It appears art has fused with the sea in Salem, Massachusetts. The Peabody-Essex Museum’s newest exhibit Impressionists on the Water, open through February 17, 2014, has found a proper setting in maritime Salem. This past rainy Sunday, I spent the day discovering the maritime influence in Salem’s art and culture. The exhibit opens with a […]
By Zinnia Smith
Nov 22 2013
A tour group stands in the cold air.Photo Credit : Zinnia Smith
It appears art has fused with the sea in Salem, Massachusetts. The Peabody-Essex Museum’s newest exhibit Impressionists on the Water, open through February 17, 2014, has found a proper setting in maritime Salem.
This past rainy Sunday, I spent the day discovering the maritime influence in Salem’s art and culture. The exhibit opens with a stunning Monet painting placed next to a model sailboat. The clear connection between the subject of the Impressionists and the model ships displayed the surprising theme: an acknowledgment that the placid subjects of the paintings come from a rich history of man and boating.
The exhibit retells the maritime history of France, starting with its trade in the 18th and 19th century.
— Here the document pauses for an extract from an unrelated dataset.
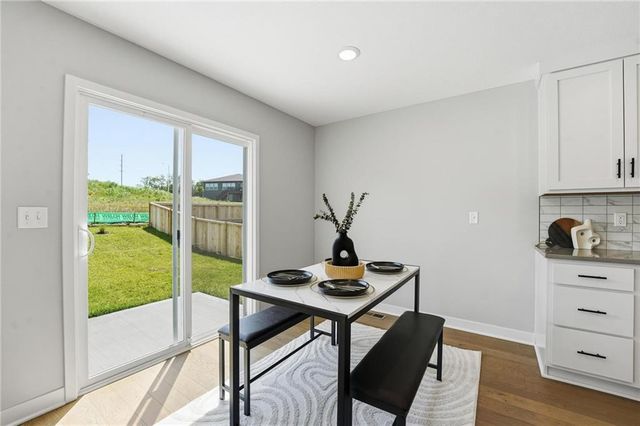 707 Glenn Circle, Raymore, MO 64083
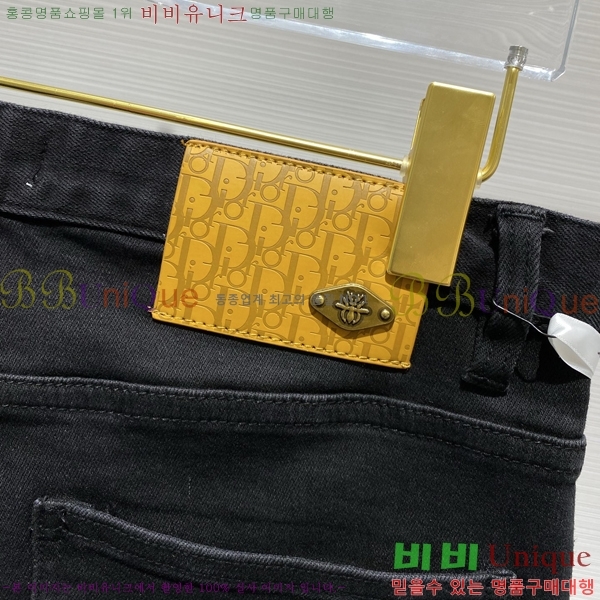   û D2464776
A French Naval Frigate Model from the 1780s is placed next to a painting by Francois Joseph Frederic Roux, Fleet Maneuvers (French Warship) from 1834. Both are beautiful recreations of an intricate ship, but hold a high regard for the dramatic.
As I moved through the gallery, I was led into the sporting life of the Impressionists and boating. The turmoil of the romantic fleets and ships eventually shifts into the relaxed and recreational boats of the Impressionists. Dark and rolling clouds of benevolent storms are replaced with white, billowy skies. The models of trade and warships are replaced with full-sized skulls with names like the Nana.
The whole exhibit is designed around the boating experience. Boat curves and details subtly appear on the walls of the exhibit space. Cloud projections are set up on the light grey walls. Perhaps the most rewarding live-action feature of the exhibit is the replication of Monet’s floating studio he had in Argenteuil. You stand inside this “boat” with cast-iron pans, paintbrushes, and breakfast’s leftovers. You look upon a video screen with alternating river scenes. Next to this “window” is the artist’s window: an electronic canvas that records the creation of pastel landscapes.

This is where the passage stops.